Because the UUIDs have not been bumped.

Because you had the bad idea to be smarter than DRBD
and help it detach while it was detaching,
thereby blocking it for 121 seconds,
which also caused it to declare the peer unresponsive,
and made it impossible to notify it about the event.

Because we did not anticipate that you would block the worker,
and did call the handler before we notify the peer.

And because we did not anticipate a suspended diskless primary
to connect to a Secondary without previously bumped UUIDs.

Because you used disk-timeout, which is documented as don't use,
and because it triggered when it should not have.
But if it had triggered for a reason, the outcome would have been the same.

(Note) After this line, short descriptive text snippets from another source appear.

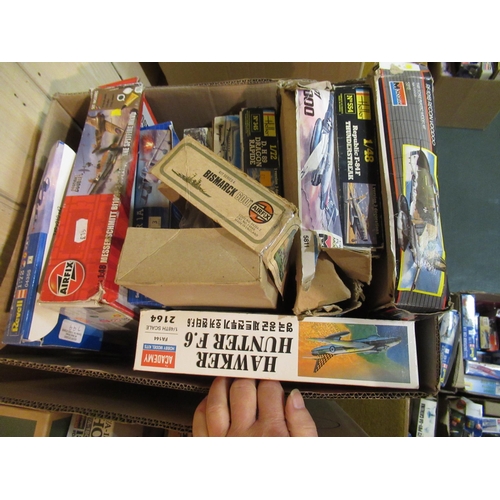 169 - Four boxes containing a quantity of unbuilt model aircraft kits, including Airfix, Italeri and Tamiy... 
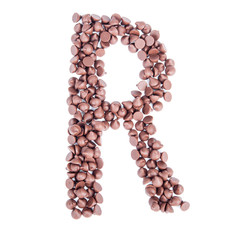 Alphabet from chocolate chips on white background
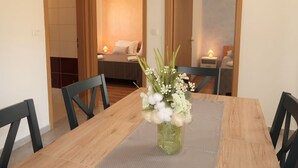Un coin repas avec une table en bois, des chaises noires et un vase rempli de fleurs.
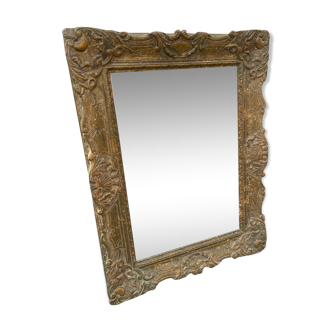 Patinated carved wooden mirror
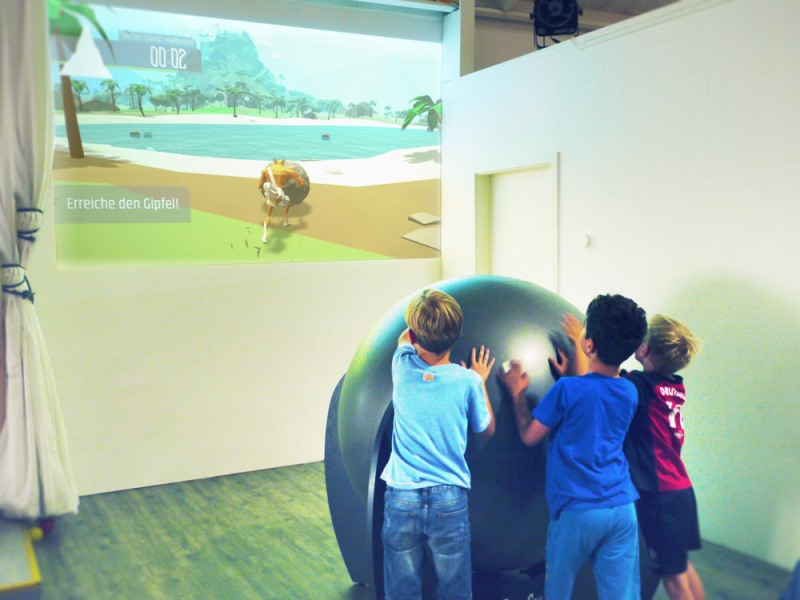 FoxBall (SisyFox) 2 Young boys exergaming with SisyFox aka FoxBall Physical Gaming platform supplied for Interactive Sports and Leisure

So a few BUGs on the side of DRBD in code paths that would not have been
reached, if you had not blocked the worker for two minutes, trying to
do something that DRBD was just about to do you.

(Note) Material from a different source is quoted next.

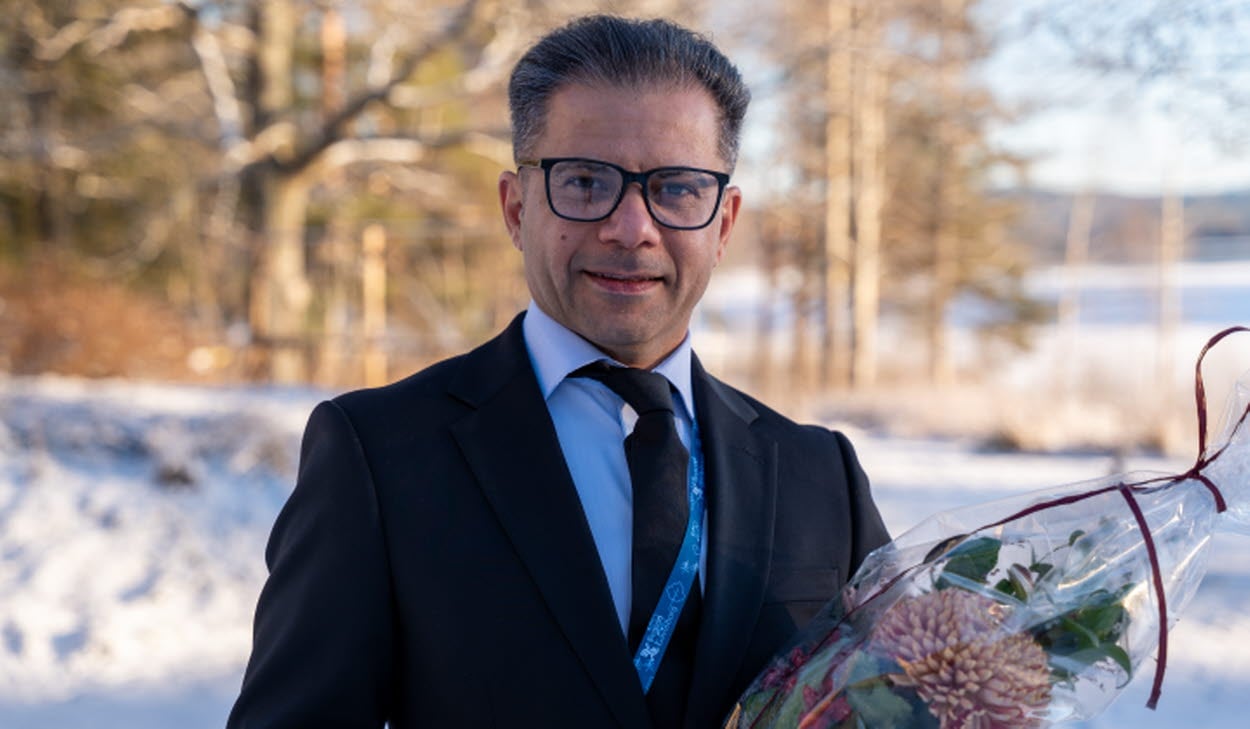 Årets medarbetare, Porträtt av en person i kostym som håller en bukett blommor utomhus i vintermiljö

> Jan 16 12:22:03 primary kernel: block drbd2: conn( Connected -> WFBitMapS ) disk( Negotiating -> UpToDate ) pdsk( UpToDate -> Consistent )
> Jan 16 12:22:03 primary kernel: block drbd2: Congestion-fill threshold reached
> Jan 16 12:22:03 primary kernel: block drbd2: conn( WFBitMapS -> Ahead )

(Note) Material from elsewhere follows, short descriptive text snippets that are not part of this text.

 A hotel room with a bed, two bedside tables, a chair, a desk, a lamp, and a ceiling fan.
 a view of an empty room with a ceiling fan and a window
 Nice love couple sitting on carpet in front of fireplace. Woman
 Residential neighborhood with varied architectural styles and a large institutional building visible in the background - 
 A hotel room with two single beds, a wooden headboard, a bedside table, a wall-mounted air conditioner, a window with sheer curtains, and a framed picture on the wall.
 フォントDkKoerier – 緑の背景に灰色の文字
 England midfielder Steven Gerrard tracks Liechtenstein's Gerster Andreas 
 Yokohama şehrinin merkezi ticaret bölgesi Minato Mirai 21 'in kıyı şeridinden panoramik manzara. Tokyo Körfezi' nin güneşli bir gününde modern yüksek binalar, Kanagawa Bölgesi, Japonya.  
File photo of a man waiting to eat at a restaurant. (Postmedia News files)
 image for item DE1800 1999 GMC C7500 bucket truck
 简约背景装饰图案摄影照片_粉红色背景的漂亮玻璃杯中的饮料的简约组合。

Uh.  Interesting state change.

> Jan 16 12:22:03 primary kernel: block drbd2: send bitmap stats [Bytes(packets)]: plain 0(0), RLE 4846(2), total 4846; compression: 99.9%
>  
> Now the disks stay in this state, the sync is actually not starting:

No, it went "Ahead" already.

> [root at primary] # cat /proc/drbd
> version: 8.4.5 (api:1/proto:86-101)
> GIT-hash: 1d360bde0e095d495786eaeb2a1ac76888e4db96 build by phil at Build64R6, 2014-10-28 10:32:53
>  
> 1: cs:Connected ro:Primary/Secondary ds:UpToDate/UpToDate A r-----
>     ns:48488816 nr:0 dw:106632540 dr:213443889 al:24231 bm:0 lo:0 pe:0 ua:0 ap:0 ep:1 wo:f oos:0
> 2: cs:Ahead ro:Primary/Secondary ds:UpToDate/Consistent A r-----
>     ns:0 nr:0 dw:564028 dr:163202 al:52275 bm:0 lo:0 pe:0 ua:0 ap:0 ep:1 wo:f oos:5190228
> 3: cs:Connected ro:Primary/Secondary ds:UpToDate/UpToDate A r-----
>     ns:13699098 nr:0 dw:34361764 dr:248373080 al:3374 bm:0 lo:0 pe:0 ua:0 ap:0 ep:1 wo:f oos:0
>  
> [root at secondary] # cat /proc/drbd
> version: 8.4.5 (api:1/proto:86-101)
> GIT-hash: 1d360bde0e095d495786eaeb2a1ac76888e4db96 build by phil at Build64R6, 2014-10-28 10:32:53
>  
> 1: cs:Connected ro:Secondary/Primary ds:UpToDate/UpToDate A r-----
>     ns:0 nr:49240716 dw:61104624 dr:176250476 al:0 bm:0 lo:0 pe:0 ua:0 ap:0 ep:1 wo:f oos:0
> 2: cs:Behind ro:Secondary/Primary ds:Outdated/UpToDate A r-----
>     ns:53230 nr:46356310 dw:48639878 dr:55173318 al:886 bm:0 lo:0 pe:0 ua:0 ap:0 ep:1 wo:f oos:5241020
> 3: cs:Connected ro:Secondary/Primary ds:UpToDate/UpToDate A r-----
>     ns:0 nr:21494090 dw:21494090 dr:195651772 al:0 bm:0 lo:0 pe:0 ua:0 ap:0 ep:1 wo:f oos:0
>  
> With both nodes sure, that primary is UpToDate!
> Recognizing the problem, I started shutting down services and copying
> all the data (whatever it was) off the drbd partitions…somewhere along
> the copying, maybe the WAN link failed or something else happened,

It probably just became quiet enough to drop out of "Ahead"...

> drbd started resyncing:

Whatever.  Everything after this is no longer interesting.
The real issue was that it did not bump the UUID when it should have.
Because you blocked it.

> There’s nothing in the logs of the Secondary to indicate any disk problems around 10:22:

If it had been notified, it had bumped its UUIDs.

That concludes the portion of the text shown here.